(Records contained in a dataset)
──────────────────────────────
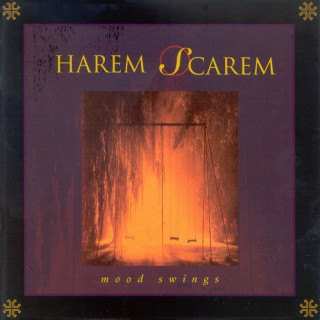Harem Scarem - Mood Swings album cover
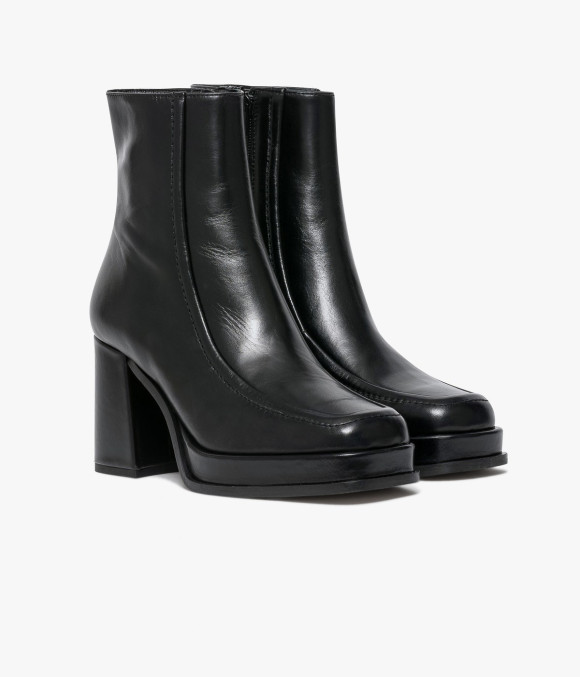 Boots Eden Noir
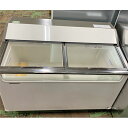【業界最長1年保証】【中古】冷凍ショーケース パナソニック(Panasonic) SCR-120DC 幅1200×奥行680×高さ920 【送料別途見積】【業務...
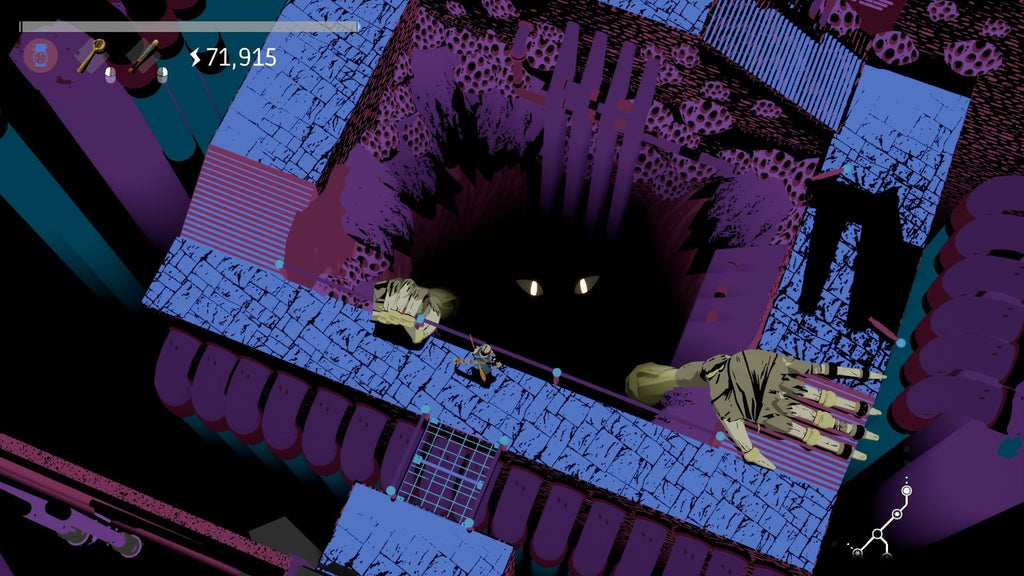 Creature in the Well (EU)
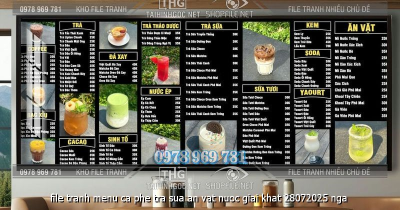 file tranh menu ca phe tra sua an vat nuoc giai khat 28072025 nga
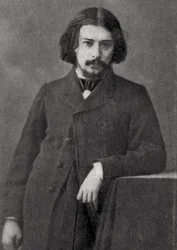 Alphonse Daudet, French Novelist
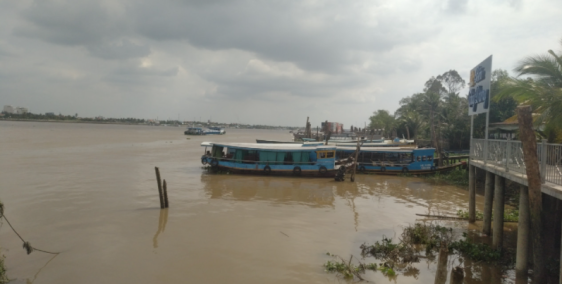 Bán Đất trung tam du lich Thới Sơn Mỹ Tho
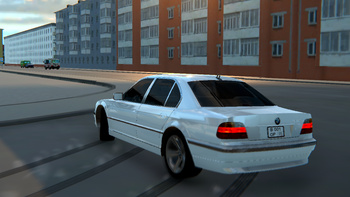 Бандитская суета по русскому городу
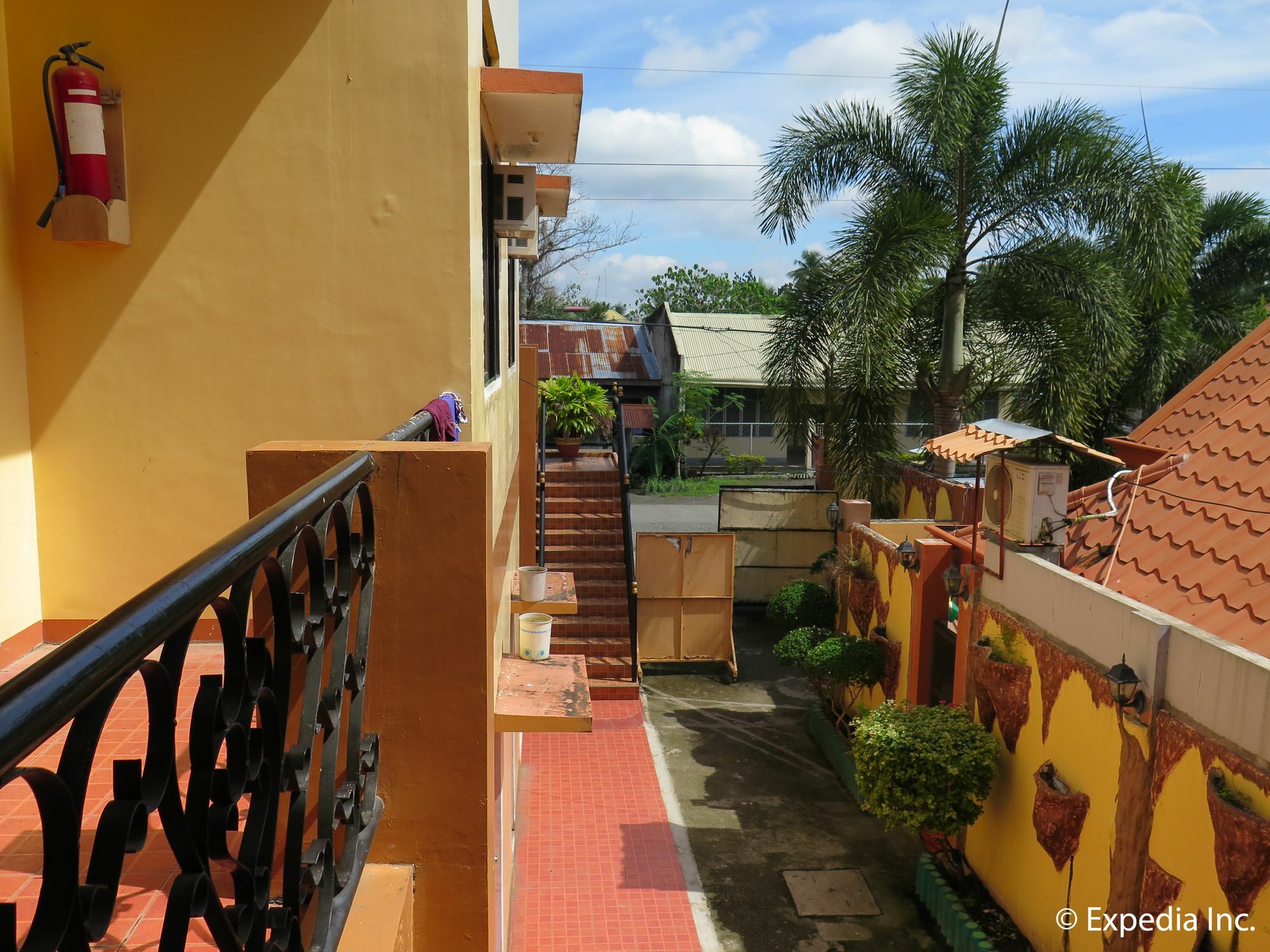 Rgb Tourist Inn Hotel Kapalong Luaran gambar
──────────────────────────────
→ INSTRUCTIONS FOR THE TASK: Your copy should restate every record word for word and contain no pictures.

→ ANSWER:
Harem Scarem - Mood Swings album cover
 Boots Eden Noir
【業界最長1年保証】【中古】冷凍ショーケース パナソニック(Panasonic) SCR-120DC 幅1200×奥行680×高さ920 【送料別途見積】【業務...
 Creature in the Well (EU)
 file tranh menu ca phe tra sua an vat nuoc giai khat 28072025 nga
 Alphonse Daudet, French Novelist
 Bán Đất trung tam du lich Thới Sơn Mỹ Tho
 Бандитская суета по русскому городу
 Rgb Tourist Inn Hotel Kapalong Luaran gambar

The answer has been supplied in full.